Work management is how you handle everything that needs to get done when you start working.

Everything.

Prioritizing and completing regular tasks, communicating, collaborating on projects, assigning responsibilities, giving approvals, solving customer problems–it all goes into work management.

While what is included in work management hasn’t changed a lot in the last 100 years, the tools we use to do those things have changed dramatically. And the last 10 years have presented a dramatic power struggle that might be ready for a very important plot twist. But first…

What Does Work Management Include?

BPM experts know that processes make up a significant part of work. Processes are the predictable, codifiable, and repetitive parts of what goes on in a company. Some people spend the majority of their day in processes, either completing tasks, giving approvals, or sending items to the next step in line.

But there are a lot of people who spend only a fraction of their time in these kinds of predictable processes. Projects are a very different kind of work. In projects, tasks and timelines are usually still predictable (or at least planned), but they aren’t repetitive, and spending a lot of time coding in a workflow is a waste of time for something that’s only going to be handled once.

Cases are another type of work. Cases often include handling support tickets or processing insurance claims. Cases are repetitive, but each one is handled in a unique way that can’t be predicted when the case starts. The pathways for cases need to be very flexible, but you can still provide some structure around it to help close items.

Finally, there is task management which includes managing and prioritizing tasks across all the other types, as well as handling ad-hoc tasks that are unrelated to other work.

To get each of these types of work done, you also need an efficient way to communicate, collaborate, and share information and data.

The Not-So-Dark Ages of Work Management

In the ages before every employee had a computer, how was all this work handled? Processes might be documented in a paper manual or checklist. Projects were coordinated with in-person meetings where someone typed up the notes. Communication was done by walking into someone’s office, making a phone call, or with those classic manila interoffice envelopes. Knowledge and data were stored in big filing cabinets or in someone’s brain.

Despite how archaic some of it sounds, work was managed in a pretty efficient way, especially if the entire office was in one location. In fact, some might say that for tight, co-located, small teams, many of our technological advances don’t improve things that much.

However, as companies continued to grow larger and teams become more distributed, the time was ripe for a takeover from technology to give the same feel of a well-coordinated office to large teams that sit across continents.

The First Autocrat of Work Management

Early adopters of business technology started using email in the 1980s and early 90s. It started out as a way to quickly connect across long distances and provided a great solution for the communication part of work management.

But as email functionality grew, it began to annex other parts of work as well. Once you could attach files, emails became the status quo of collaboration software for cases and projects. Emails could also be used as a stand-in for project management software to coordinate approvals. You could also use emails for managing tasks by setting up folders to handle at a later time as items came in.

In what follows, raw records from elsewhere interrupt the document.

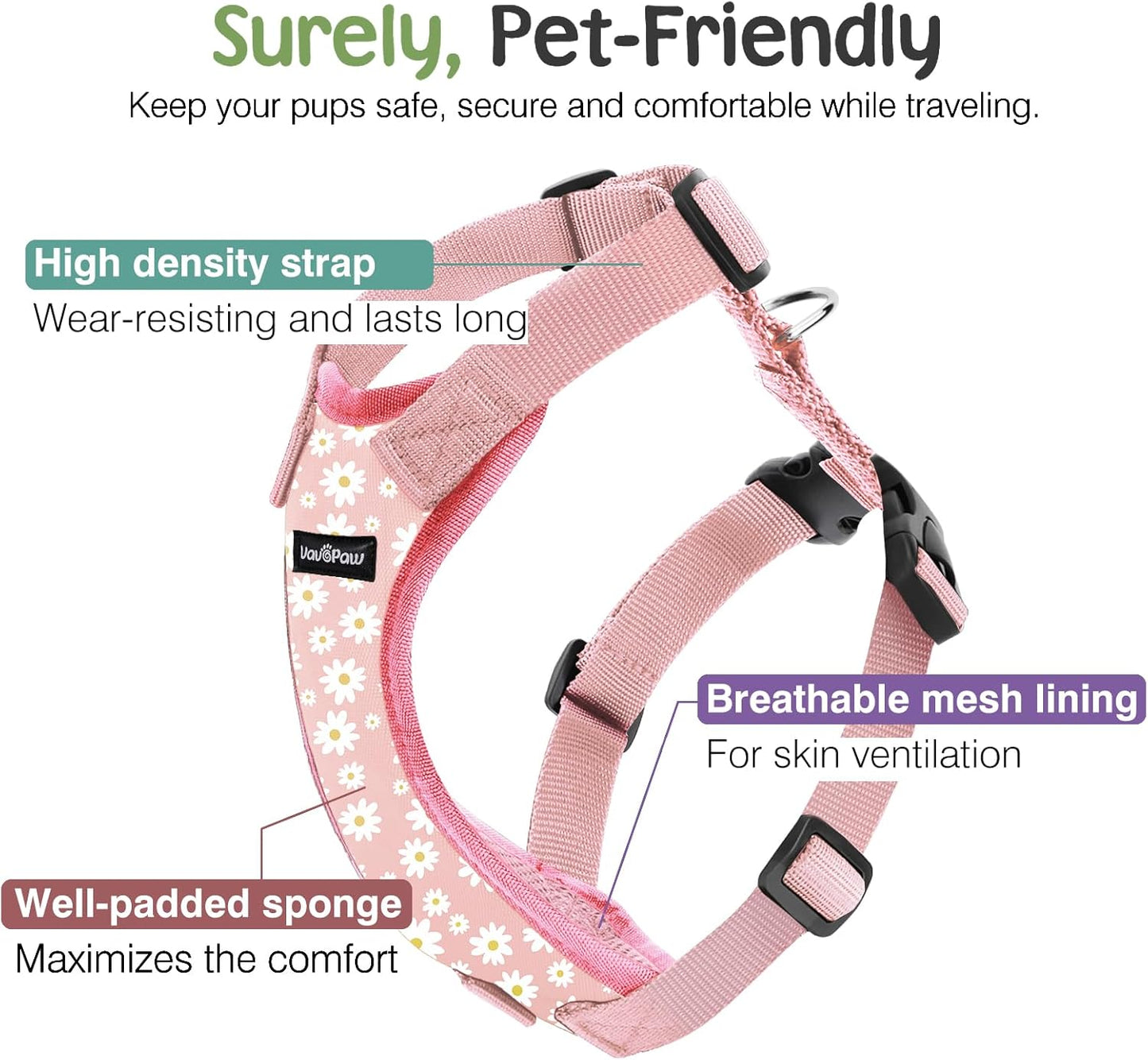 Dog Seat Belt, Safety Vest Dog Car Harness with Adjustable Buckle Dog Seat Belt for Vehicle Nylon Pet Safety Seat Belts Heavy Duty(L, Pink Daisy)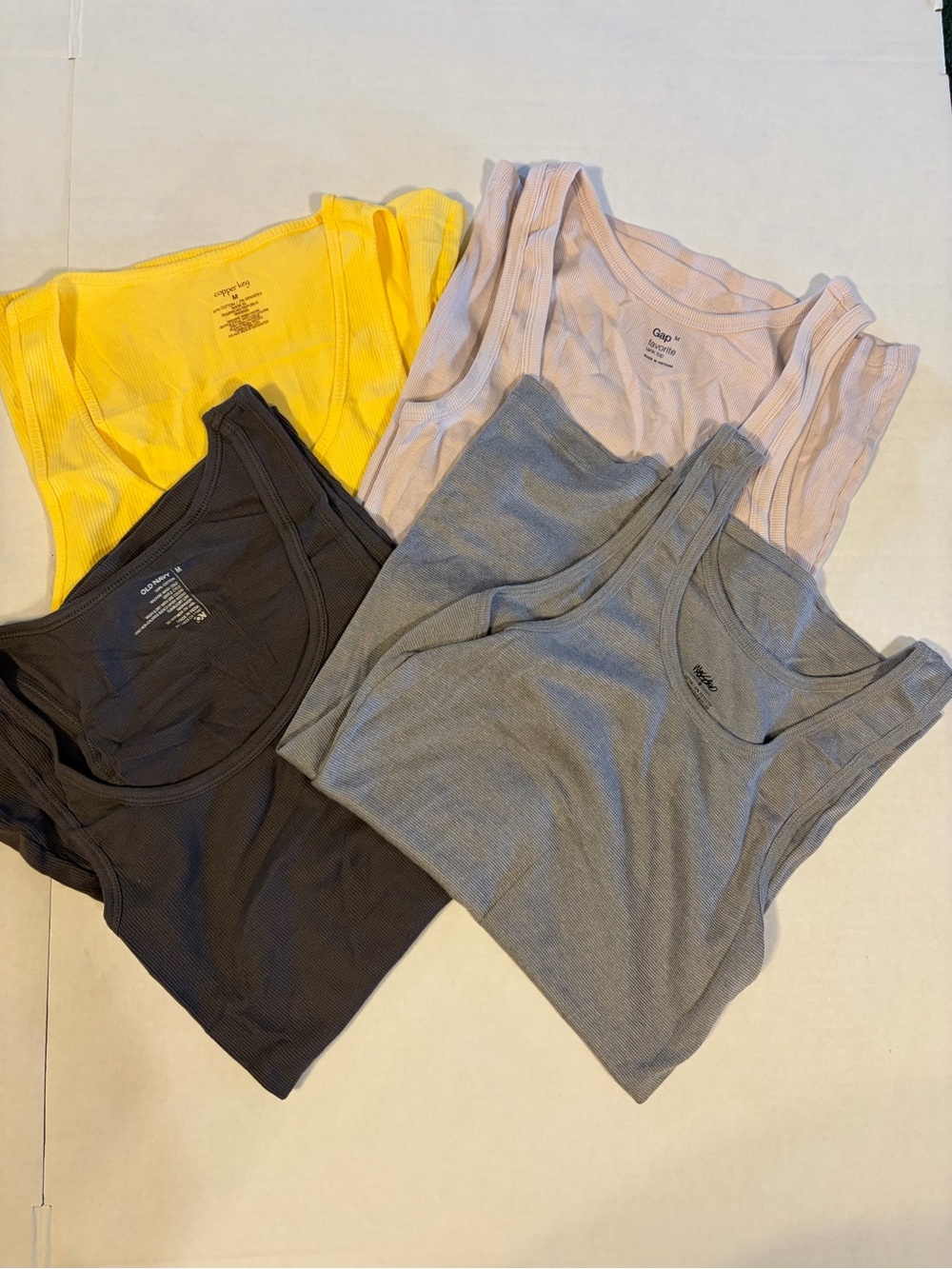 Variety of  Ribbed Tank Top Set in Yellow, Black, Gray, and Light Pink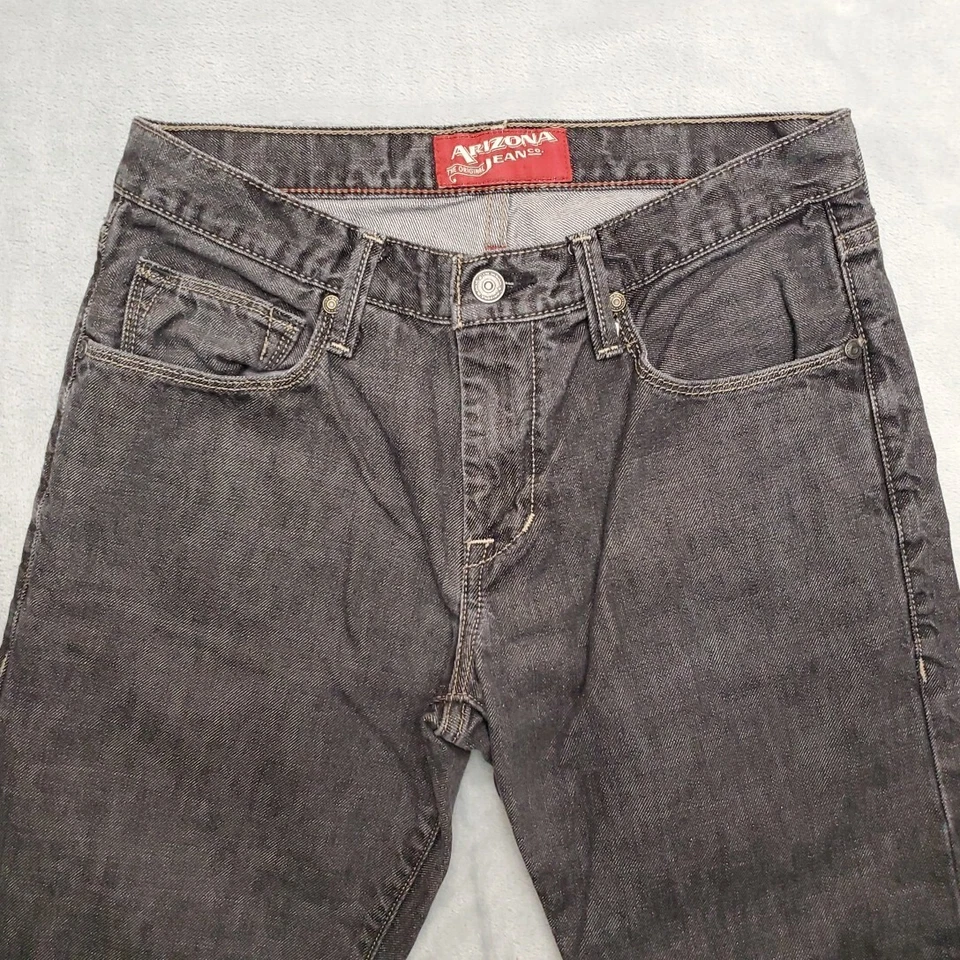 Pantalones de mezclilla negros ajustados rectos 100 % algodón Y2K años 90 de colección Arizona Jeans para hombre 30x30 Foto 3 de 4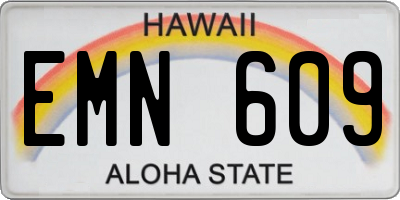 HI license plate EMN609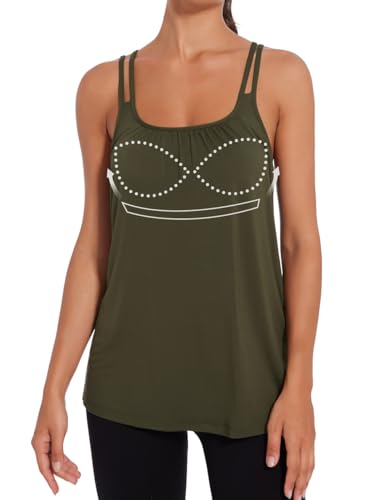 Image of Camisoles for Women with Built in Bra Adjustable Strap Tank Tops Cami Sleeveless Summer Tops for Workout Sleeping Traveling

Within just a decade or two, email had become the undisputed ruler of nearly all of work management. So much so, that the first thing workers did upon reaching the office was open their inbox, and it stayed open all day. Someone was ‘working’ if they had email up and running and were handling incoming communication.

Email became the solution to everything for work. 'Email that to me' was the way work got done, ushering in a Pax Emalia era.

 

 

The Fragmentation of Email’s Kingdoms

But email’s empire hasn’t lasted long.

As email has taken over every part of the work spectrum, it has been proven to be an incompetent ruler in many cases. Its inability to validate incoming data and track the current status of items makes it a poor fit for processes. Projects are mishandled because files shared over email are often not current, and it’s hard to separate out mail threads for different tasks. Cases require great documentation, which is arduous to pull out of emails.

And when you mix in handling external spam and legitimate communication with vendors and customers and trying to prioritize tasks rather than being a slave to the urgent, email has again and again shown itself lacking as a capable monarch.

Many companies are still stuck with email as a clumsy yet omnipresent ruler. However, in the last ten years, email’s kingdom has splintered as new technologies have come to take over.  

Dedicated task management tools help you collect, share, and prioritize your work. Project management tools give you integrated kanban boards and Gantt charts to stay coordinated. Case management platforms help you address customer concerns or product bugs with complete documentation. Messaging services promise more instant chat communication for dispersed teams. And of course, process management software helps to streamline your core processes.

Email’s dominion keeps reducing as companies find better solutions to handle specific use cases. When looked at as a whole, the work management spectrum has gone from a single autocrat to perhaps dozens of regional protectorates, each trying to clarify and defend its borders while staving off competition and further disruption from new features or pricing models.

The Pains of Too Many Kings

Any IT manager will tell you that one of their biggest headaches is dealing with too much software. Not only does each type of work now require a different solution, but each department within a company is not satisfied using the same option as the others. It feels like the wild west where each department is a law unto itself, using multiple software applications to manage their work and resorting to shadow IT when necessary.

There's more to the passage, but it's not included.